そこからは二人何と話せばいいのか分からず、気まずい雰囲気が漂う。
おい俺、しっかりしろ。何のためにここまで着たんだ。
俺は勇気の種火を燃やしてから。
「ひ、久しぶりだね。元気だった?」
なるべく明るい表情を作って話しかけてみたが彼女は俯いてしまった。
そりゃそうだ。俺が原因作ったのに元気だったって聞くのは無神経過ぎる。俺ってほんと馬鹿。燃やした種火がグングン収縮していくのを感じたがここで終わるわけにはいかない。もう一度心を奮わせて。
「今日はプリント届けにきたんだ。はい、これ」
俺は鞄から紙封筒を取り出し、彼女に手渡した。
「あ、ありがとうございます」
彼女は俺にペコリと頭を下げた。しかし頭を上げても顔は俯いたままだ。
そしてまたも沈黙が続く。この沈黙が俺達二人の距離を表しているようで、天ヶ原さんはこんなに近くにいるのに、どこまでも遠い存在に感じた。
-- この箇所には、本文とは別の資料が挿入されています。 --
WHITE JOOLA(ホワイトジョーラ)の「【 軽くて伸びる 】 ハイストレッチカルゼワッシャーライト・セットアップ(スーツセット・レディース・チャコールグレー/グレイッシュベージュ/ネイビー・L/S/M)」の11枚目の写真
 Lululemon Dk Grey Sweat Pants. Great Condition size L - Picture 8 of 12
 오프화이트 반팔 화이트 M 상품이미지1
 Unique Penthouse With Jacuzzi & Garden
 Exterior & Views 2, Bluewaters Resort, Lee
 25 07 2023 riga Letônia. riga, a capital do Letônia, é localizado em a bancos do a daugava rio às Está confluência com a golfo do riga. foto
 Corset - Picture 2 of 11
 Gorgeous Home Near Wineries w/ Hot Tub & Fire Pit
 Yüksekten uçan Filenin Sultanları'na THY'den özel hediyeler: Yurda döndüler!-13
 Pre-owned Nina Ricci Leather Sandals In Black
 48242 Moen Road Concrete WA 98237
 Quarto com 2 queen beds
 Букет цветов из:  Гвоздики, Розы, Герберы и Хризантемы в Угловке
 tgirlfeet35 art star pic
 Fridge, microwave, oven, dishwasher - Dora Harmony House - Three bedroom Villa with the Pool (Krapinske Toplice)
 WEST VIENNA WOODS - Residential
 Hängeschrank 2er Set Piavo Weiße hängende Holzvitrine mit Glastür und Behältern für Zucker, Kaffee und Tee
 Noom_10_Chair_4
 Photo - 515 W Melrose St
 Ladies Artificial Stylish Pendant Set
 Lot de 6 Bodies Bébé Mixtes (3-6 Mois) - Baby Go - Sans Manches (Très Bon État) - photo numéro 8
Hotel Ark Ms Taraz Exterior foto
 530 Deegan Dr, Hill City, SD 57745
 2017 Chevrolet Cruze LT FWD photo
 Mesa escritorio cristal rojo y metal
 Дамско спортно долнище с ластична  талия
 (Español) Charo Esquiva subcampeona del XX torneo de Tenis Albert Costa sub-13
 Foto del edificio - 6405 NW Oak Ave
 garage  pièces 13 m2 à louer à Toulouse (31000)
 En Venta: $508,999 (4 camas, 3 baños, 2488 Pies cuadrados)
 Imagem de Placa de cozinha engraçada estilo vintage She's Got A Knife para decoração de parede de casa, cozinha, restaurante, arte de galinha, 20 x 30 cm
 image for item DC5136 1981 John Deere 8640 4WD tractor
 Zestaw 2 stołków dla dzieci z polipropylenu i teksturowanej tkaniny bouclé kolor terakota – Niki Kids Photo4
もう今日は駄目だな。今度またチャンスが巡ってくるのを待って大人しく帰ろう。
――って前の俺なら思うんだろうな。
俺は一歩彼女の方へ足を踏み出した。
散々迷って悩んでやっと掴んだチャンスなんだ。これを逃す訳にはいかない。
俺は皆に背中を押してもらった。後は自分の足で彼女のところまで行くだけだ。
それが例え、どんなに遠くても。彼女が俺のことを待っていなくても。
進まなきゃなんも変わらんねぇ!
「あ、天ヶ原さんっ!」
俺は彼女の名前を叫んだ。住宅街で大声を出すのは迷惑かもしれないが今はそんなの関係ない。
「俺、君に言わなくちゃいけないことがあるんだ! 言いたくて仕方がないことがあるんだ!」
俺の声にやっとこちらを向いてくれた天ヶ原さん。
彼女は困惑した顔をしていた。どうすればいいか分からない顔だ。
それでも真剣に考え込んでから。